To easily manage the browsers that our project focuses on, we define an enum called DriverType which contains all browsers we ever want to test.

Like we previously mentioned, DriverManagerFactory is a factory that “manufactures” DriverManager objects. You invoke the getDriverManager() method of this class with your DriverType (described above) to receive a DriverManager-type object.

Since DriverManager is an abstract class, you won’t receive an actual DriverManager, just one of its implementations, such as ChromeDriverManager, FireFoxDriverManager, etc. The code snippet below demonstrates how to implement the DriverManagerFactory class.

"Manufacture" DriverManager objects — *Figure 7 – “Manufacture” DriverManager objects*

After understanding how a browser instance is created, we’ll now create a test using one of the above DriverManager objects. As you can see, the test writer doesn’t care whether the WebDriver for Chrome is called ChromeDriver or not. They only need to specify the simple CHROME string (one of the values in the DriverType enum) when they need a Chrome browser instance.

In the below test, we navigate to www.google.com and verify that the site’s title is named “Google.” Not much of a test but it demonstrates how you we apply the aforementioned DriverManagerFactory.

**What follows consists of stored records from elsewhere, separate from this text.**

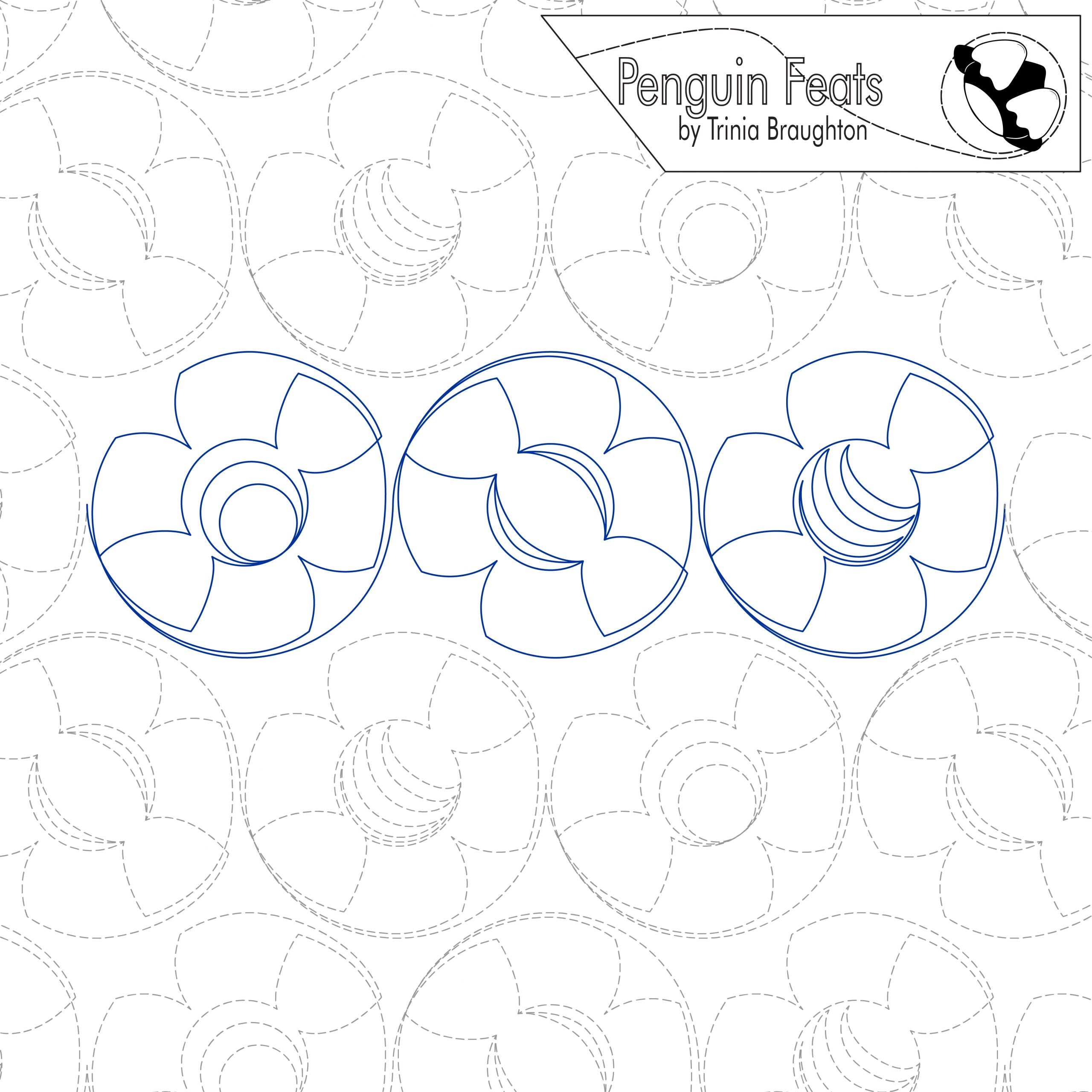 Design of propellers with 'Penguin Feats' branding on a patterned background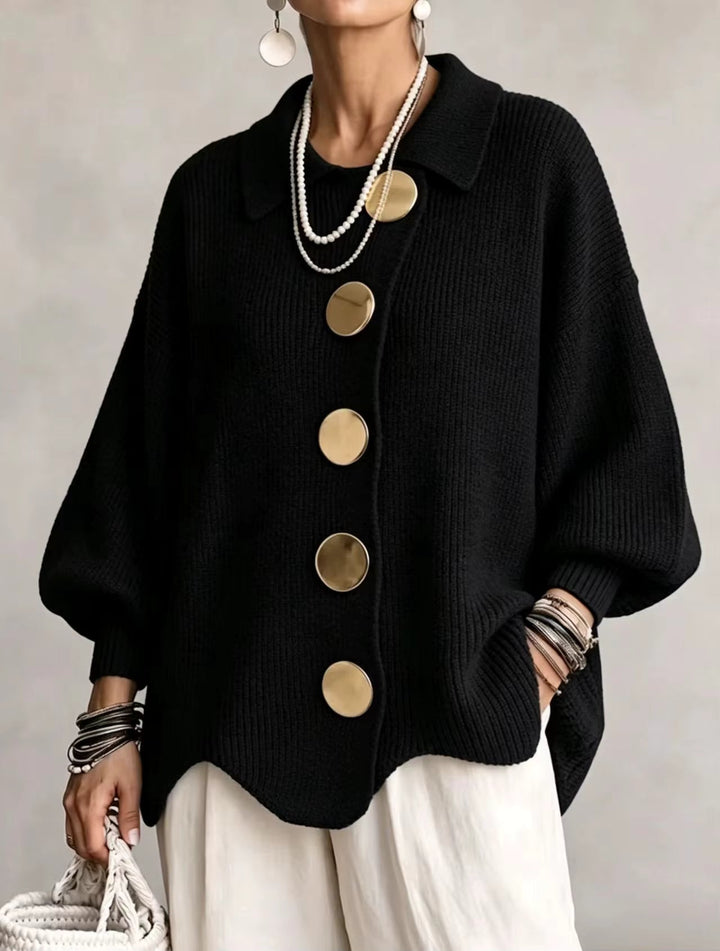 Elegant oversized cardigan med iøjnefaldende knapper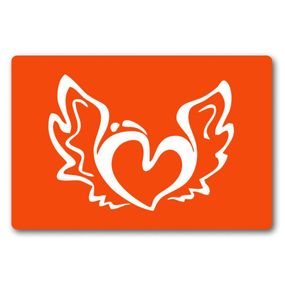 Трафарет для біо-тату Сердечко з крилами c114-15*20см, розмір 15х20 см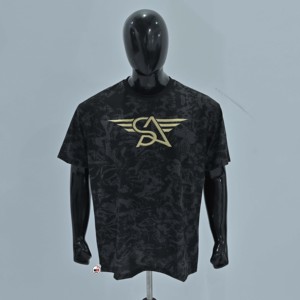 Camisetas de Manga Corta para Hombre, Color Negro, de Moda, Cuello Redondo, Estampado de Camuflaje, Logotipo con Impresión en Relieve, Casual, Regular, 100% Algodón, Calidad Premium - Product Image 1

*Figure 8 – Sample test using DriverManagerFactory and DriverManager*

By using this Factory design pattern, if there is a new requirement to run tests on a new browser, say Safari for example, it should not be a big deal. We just need to create a SafariDriverManger, which extends DriverManager exactly like the ChromeDriverManager we saw earlier. When it’s been created, test writers can simply create a SafariDriverManager using the new SAFARI value of the DriverType enum.

Similarly, it’s very easy to integrate with Appium when we need to run tests against a mobile native app or web app on mobile browsers. We can simply implement a new class so-called iOSDriverManager.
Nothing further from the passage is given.